All of the following companies have a full 16.7 Million addresses assigned to them. Level 3 might use theirs, (they actually have 2 blocks), but Halliburton? DEC? Amateur Radio Digital Communications? Do they all really need more than 16 million IP addresses?
This short list accounts for 654 million IP addresses -- over 15% of the address space.
Re:Well duh (Score:2, Insightful)
Re:Is this REALLY a problem? (Score:3, Insightful)
Any half-decent load-balancer is minimally L7-aware, to the point of being able to send specific hostnames in HTTP requests to specific servers (or server groups). The ones I primarily use go to the point of allowing me to distribute traffic based on arbitrary headers, cookies, URIs, you name it. Plenty of sites and distinct server farms behind a single public IP address.
Re:Well duh (Score:3, Insightful)
Around here most of the core kit installed in Tier-1 and Tier-2 backbones is Juniper M and T series, Cisco 3700, 12000 and CRS-1, Nortel optical DWDM carrier components, and Foundry MLX and XMR series. There is now starting to be more Alcatel-Lucent and Huawei kit seen in lower cost areas.
I never said that core kit was entirely replaced every few years, but as the core components get upgraded, the lesser capable machines get pushed out towards edge functions. Top of the line kit from 2000 just isn't going to be able to handle today's routing tables, MPLS functions, or new 10G, 40G or OC768 interfaces. But that older kit will do fine feeding less demanding clients.

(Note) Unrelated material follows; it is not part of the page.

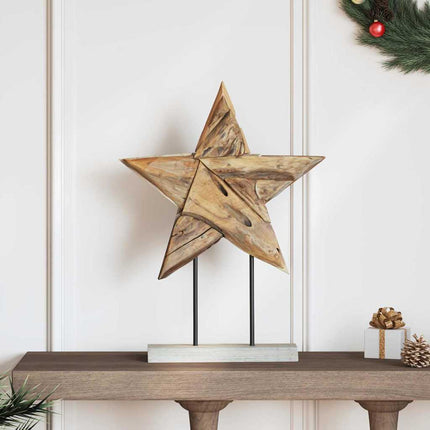 Kerstster Led's Bruin Massief Teakhout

Migration of old kit is a constant, slow and absolutely necessary function in any well managed carrier network. There are also buy-back programs from the big manufacturers, and plenty of reselling of older machines to finance purchase of new kit. I can believe what you have seen in Tier-3 ISPs with a few hundred or few thousand customers could be a decade old, but that's not what I consider backbone.